» WORK INSTRUCTIONS
Return the data that follows exactly as it appears. Pictures do not belong in the copy.

» RECORDED DATA
::::::::

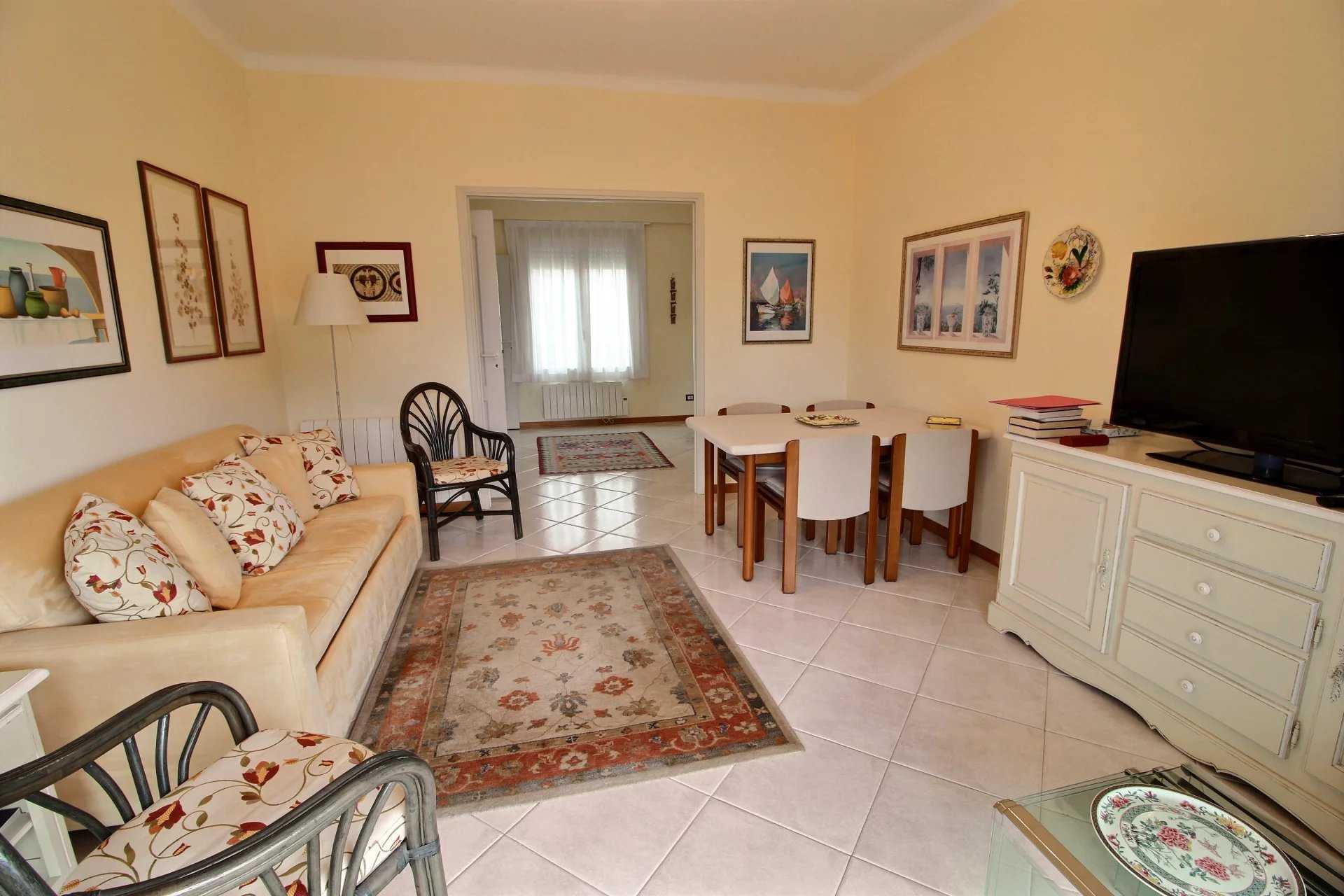公寓 在 Antibes, Provence-Alpes-Côte d'Azur 12135742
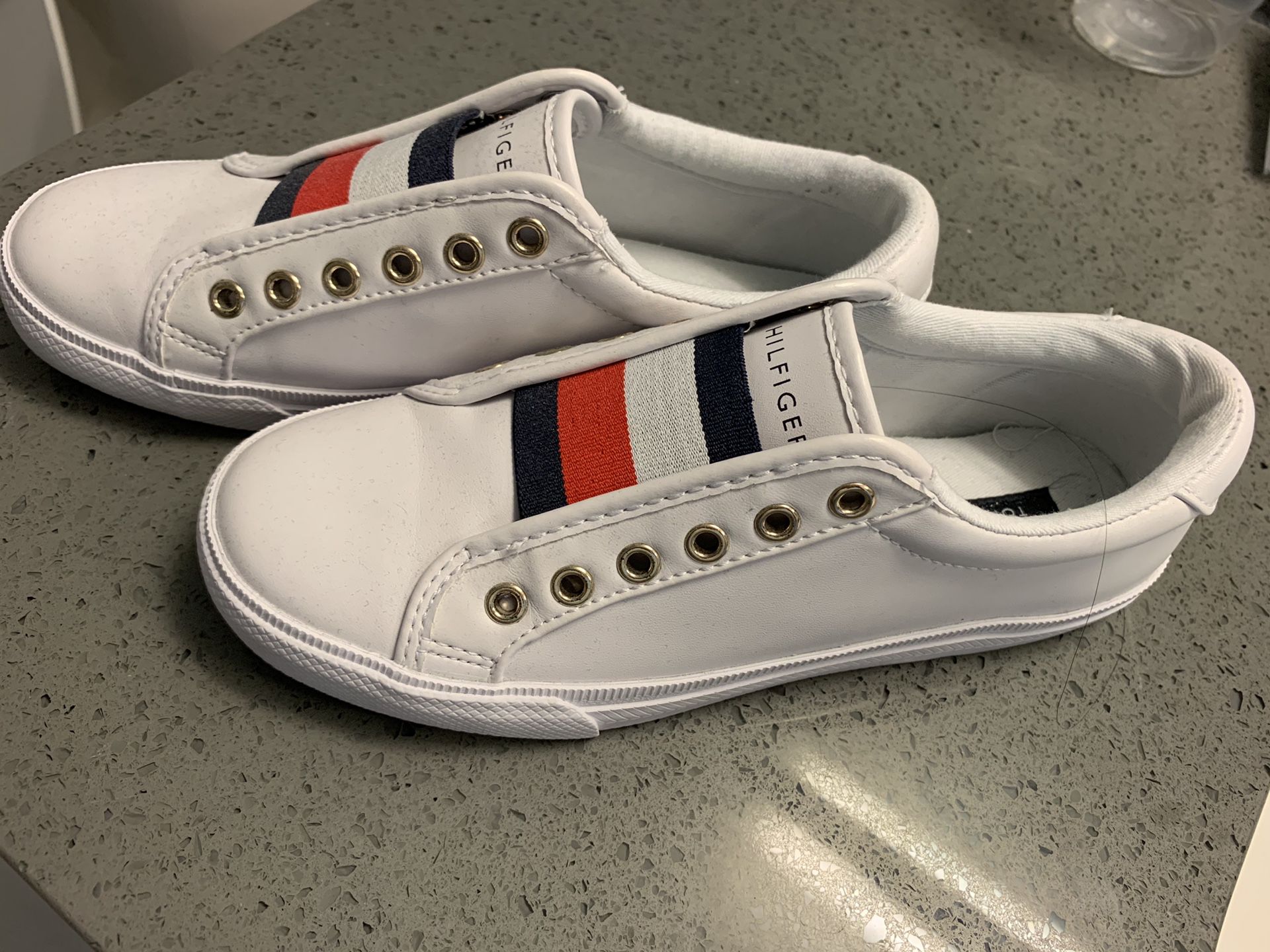 Tommy Hilfiger sneakers size 5.5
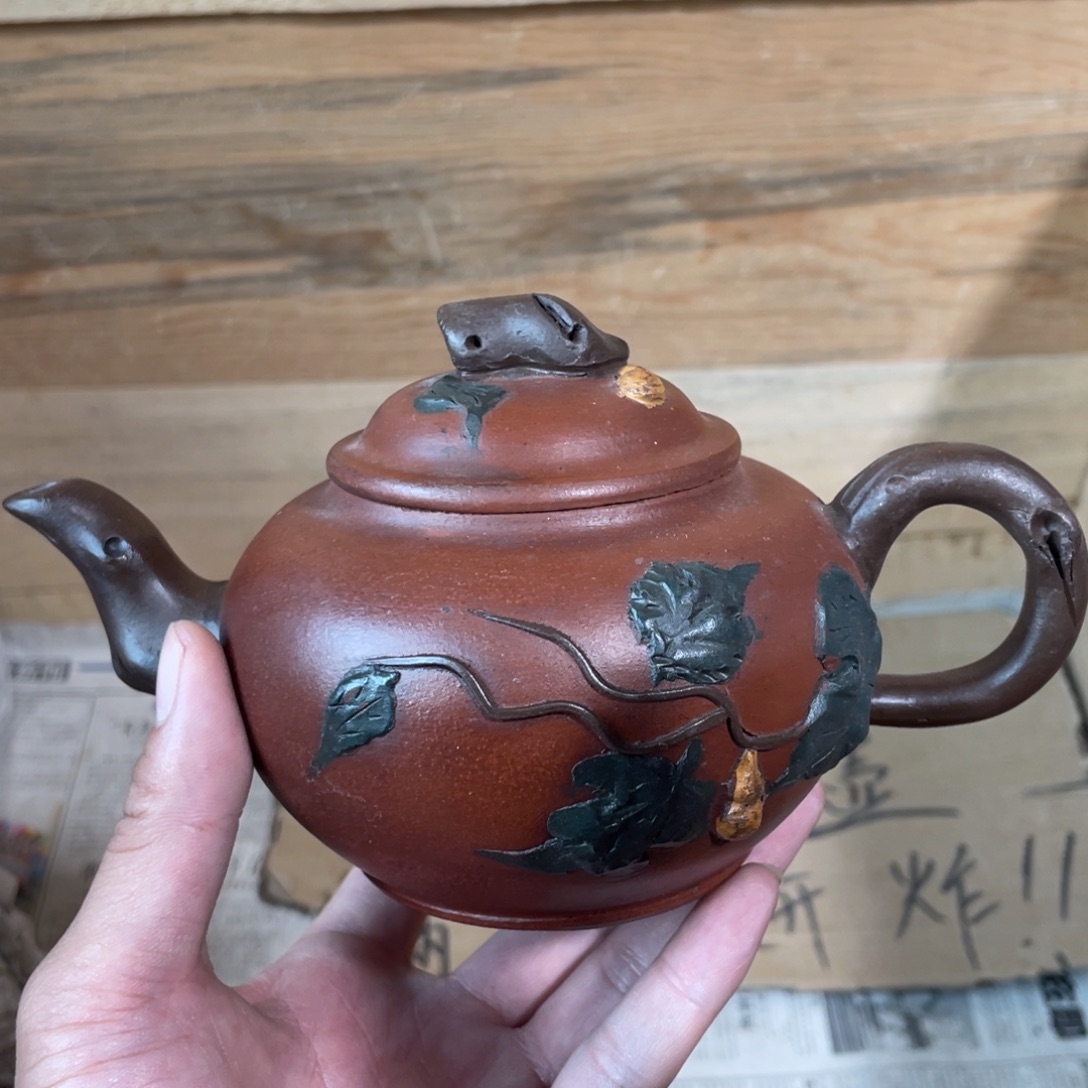 紫砂茶壶老厂紫砂壶一件。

::::::::

» RESPONSE TO THE TASK
公寓 在 Antibes, Provence-Alpes-Côte d'Azur 12135742
 Tommy Hilfiger sneakers size 5.5
 紫砂茶壶老厂紫砂壶一件。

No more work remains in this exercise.